The incident immediately sparked debate over what role language should play in the development of Taiwanese democracy. After the Chinese Nationalist Party (KMT) took control of Taiwan in 1945, it began promoting Standard Mandarin as the “national language” (国语 guóyǔ). When Japan ruled the island, it imposed Japanese as the lingua franca, bringing the island’s relatively isolated ethnic groups into a common society.

After the beginning of martial law in 1949, the KMT began repressing other languages, including Taiwanese and Hakka, which were labeled as dialects, as well as indigenous languages. Media had to be in Mandarin, “dialects” were banned in schools, Bibles written in romanized Taiwanese were confiscated, and all state business was conducted in the national language.

After martial law ended and Taiwan democratized, an effort began to encourage the development of Taiwan’s heritage languages. Schools began teaching languages according to their students’ ethnic background. Broadcasting restrictions were relaxed. Cabinet-level commissions were created to govern Indigenous and Hakka affairs, with language policy as a key issue.

But the 40 years of martial law and imposed Mandarin hegemony has done extensive damage to Taiwan’s linguistic diversity. According to the 2020 census, only 7% of children ages 6 to 14 use Taiwanese as their primary language. In contrast, almost 66% of those over the age of 65 primarily speak Taiwanese. The situation is even worse for Hakka and Indigenous languages.

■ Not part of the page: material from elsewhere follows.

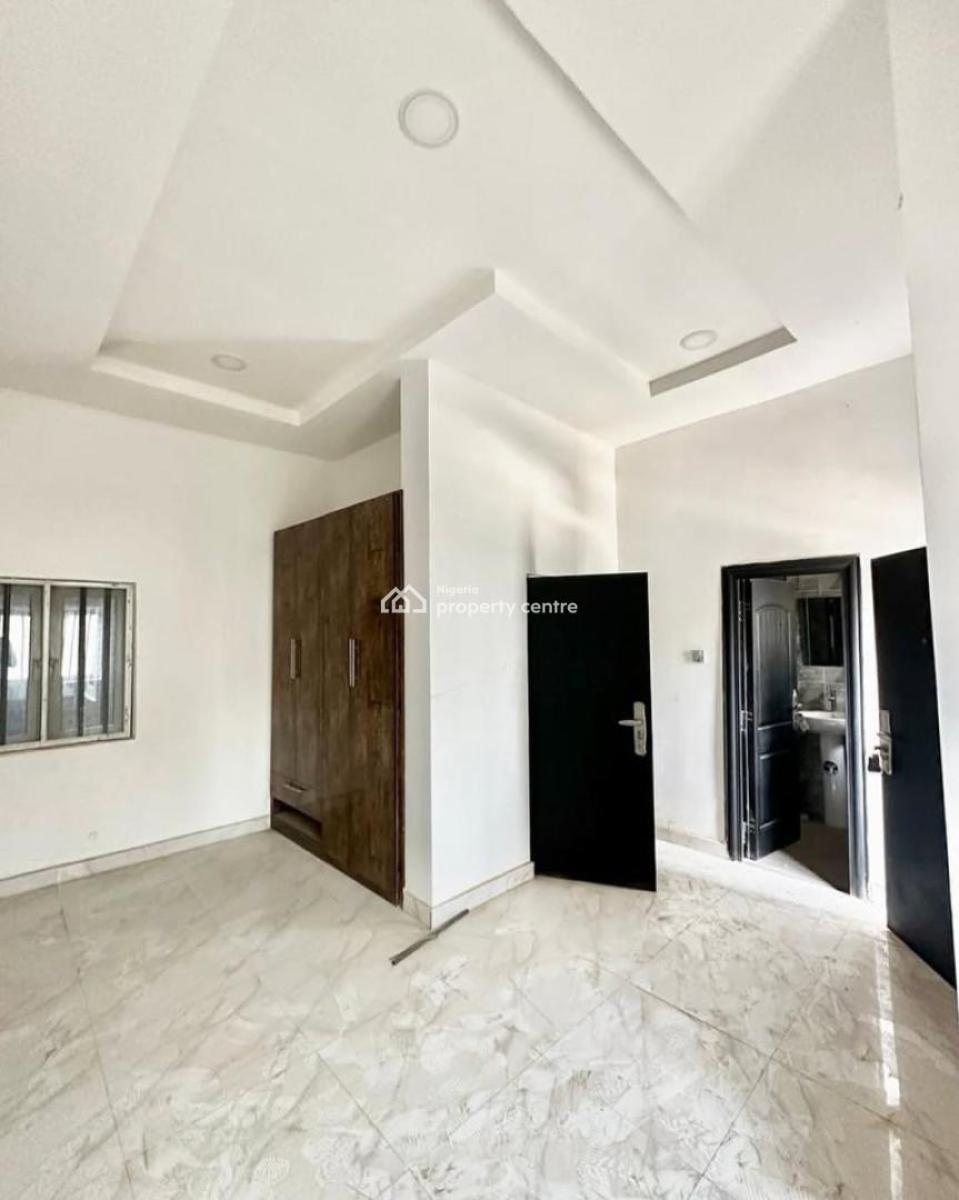 Luxury 4 Bedroom Terrace Duplex with Bq, By Coza, Guzape District, Abuja, Terraced Duplex for Sale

In 2019, the Legislative Yuan passed the Development of National Languages Act, which labeled all of Taiwan’s heritage languages as national languages and called for their official promotion by the government. This included measures like the establishment of government-funded TV stations for each of Taiwan’s languages, more resources for the development of language education, and the extension of “mother tongue” education to secondary school students.

Persistent scars

But the passage of the law did not remedy all the problems of the past. The politics of language are intertwined with ethnic politics, which permeate Taiwanese society.

“Language is loaded with memory and bitterness,” says Shih Cheng-feng (施正锋 Shī Zhèngfēng), a professor at National Dong Hwa University.

“Behind the blue and green conflict lies ethnic divisions,” he adds, referring to the main political camps centered on the KMT and ruling Democratic Progressive Party (DPP).

According to Shih, Chen’s persistence in using Taiwanese revealed the existing ethnic tensions that persist in Taiwanese society, illustrating the continued grievances between locals (本土人 běntǔrén) and mainlanders (外省人 wàishěngrén), who came to Taiwan with the KMT after 1945 and imposed Mandarin on the population.

“Language is an important mobilization tool for the DPP [and other parties in its camp]. It consolidates groups,” Shih says. He believes that though Chen is technically a mainlander, his position as a legislator for arguably Taiwan’s most pro-independence party means he has to act like a “fighting chicken” to “show his loyalty.” This is critical for Chen, who must activate his base to save his job at a recall election on October 23.

After his spat with Chiu, Chen was inundated with criticism, primarily coming from the KMT camp. A user on PTT, a popular Taiwanese social media platform, criticized Chen for “earnestly making a show” of an important hearing. Another lamented, “Do we have to divide ethnic groups again?” Chao Shao-kang (赵少康 Zhào Shǎokāng), an important pro-KMT media figure, said that Chen had “wasted the people’s blood, sweat, and tears” with his antics. In a demonstration of the incident’s political saliency, both current KMT chairman Eric Chu (朱立伦 Zhū Lìlún) and former chairman Johnny Chiang (江启臣 Jiāng Qǐchén) said they would become more involved in the effort to recall Chen.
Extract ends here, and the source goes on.